Non mi pare che si stia prestando attenzione adeguata ai passaggi in corso negli orientamenti e nei comportamenti di Matteo Renzi: pesantemente attardati come siamo dal tentativo di fare di Pisapia la figura che miracolosamente ci condurrà alle prossime elezioni a un risultato a due cifre, quindi attardati da uno sforzo teso a fargli emettere qualche sillaba di sinistra sulle questioni che interessano le classi popolari, e di conseguenza condizionati dalla necessità di una periodica elencazione di obiettivi socio-economici immediati a copertura di un ritardo sempre più grave in sede di creazione di un programma formale di partito.

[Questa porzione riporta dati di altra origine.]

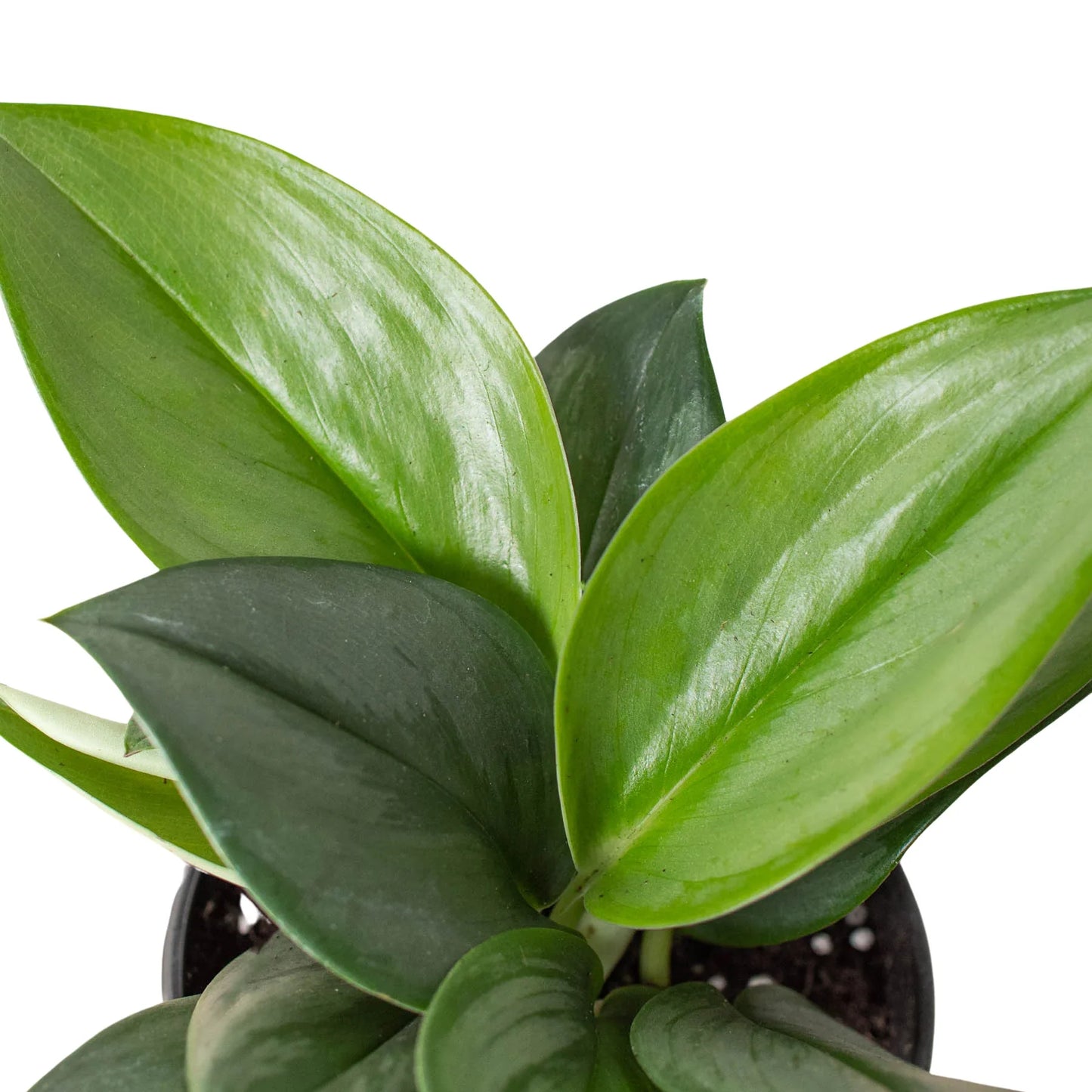 Scindapsus Treubii Moonlight Live Houseplant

Abbiamo addirittura consentito, di fatto, al tentativo di Pisapia, dopo averci provato con D’Alema e con Sinistra Italiana, di togliere dal novero delle forze di sinistra che dovrebbero in qualche modo coalizzarsi le figure di Anna Falcone e di Tomaso Montanari, cioè dei protagonisti decisivi, assieme a D’Alema, dell’unica grande battaglia politica-politica vinta dalla sinistra in questi trentacinque anni.

Siamo stati catturati dalla logorrea caotica del personaggio Renzi, dai suoi scivoloni in tema di migranti, dalle sue punzecchiature alla Commissione Europea e alla trazione tedesca della medesima, dalla sua decisione, considerandola sostanzialmente falsa (errore), di fare andare il PD alle elezioni senza alleati, compresi i poveri Alfano e Verdini, concludendo che si trattasse della follia autolesionista di un megalomane.

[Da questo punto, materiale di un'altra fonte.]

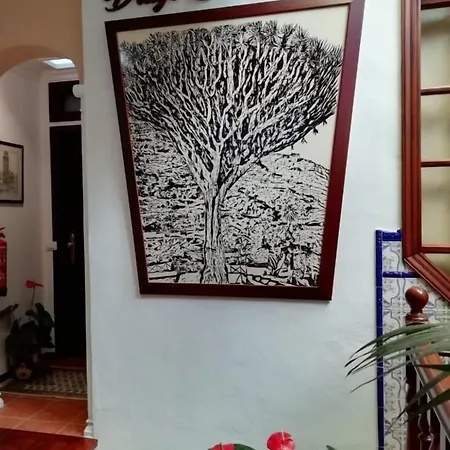 Drago San Antonio Hotel 3*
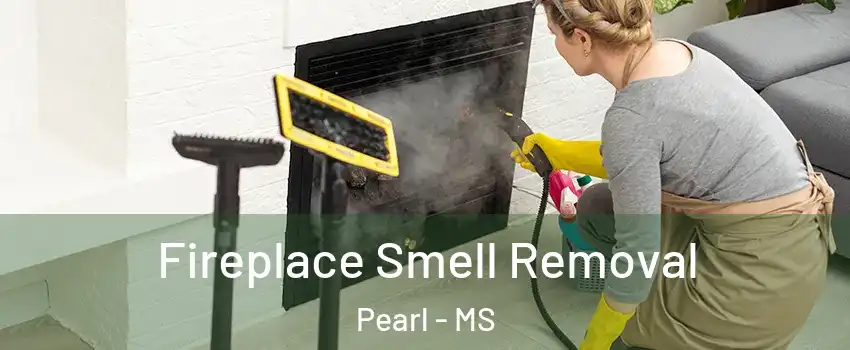  Fireplace Smell Removal Pearl - MS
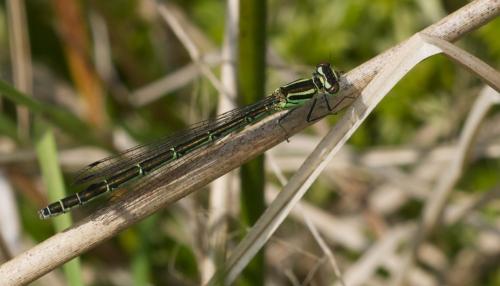 Coenagrion hastulatum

Ora però le intenzioni di Renzi, a cui fanno da contorno le dichiarazioni di pieno appoggio del non logorroico né caotico né megalomane Del Rio e il cauto allineamento di Gentiloni, si stanno chiarendo, e sono politiche di tutto rispetto. Ora il PD si sta avviando a una propria gestione centrale ferrea avviata allo scatenamento di una battaglia campale. Persino Franceschini è stato oggetto di una minaccia di marginalizzazione se non si allinea. Si tratta, in poche parole, della ridislocazione programmatica sostanzialmente organica del PD nel campo della destra populista europea, e per questo della più che probabile apertura di un conflitto che sarà sempre più duro con le istituzioni europee di comando e con il loro burattinaio tedesco.

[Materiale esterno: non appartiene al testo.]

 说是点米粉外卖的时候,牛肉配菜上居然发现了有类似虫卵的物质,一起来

L’epoca del fiscal compact tramonta definitivamente, in questa prospettiva, semplicemente perché ha fatto il suo vero risultato di fondo, che non è mai stato quello del rimettere in ordine i conti dell’Italia, dato che l’evoluzione italiana in fanalino di coda della ripresina europea non poteva non comportare la prosecuzione della crescita del debito pubblico: bensì è stato il massacro su scala totale delle condizioni di vita e di lavoro delle classi popolari (ivi necessariamente compresa parte larga e crescente di quelle medie, fatto questo invece non voluto). Niente di strano, e di cui a sinistra ci si sarebbe dovuti accorgere a tempo debito, non cinque minuti fa: sempre (sottolineato), cioè da secoli, nel capitalismo, monetarismo (politica economica di scuola neoclassica) e libero scambio hanno massacrato le classi popolari. Sicché ora dal punto di vista di un Renzi logorato dal fiscal compact e dagli assalti alle condizioni di vita e di lavoro popolari si tratta di trasformare queste classi in una forza politica elettoralmente dirompente dal lato del PD, altrimenti il suo rilancio è impossibile: e ciò non può avvenire altrimenti che trasformandolo in partito populista, al tempo stesso fruendo dei vantaggi di credibilità che gli vengono, unico in Europa, dal fatto di essere anche forza di governo.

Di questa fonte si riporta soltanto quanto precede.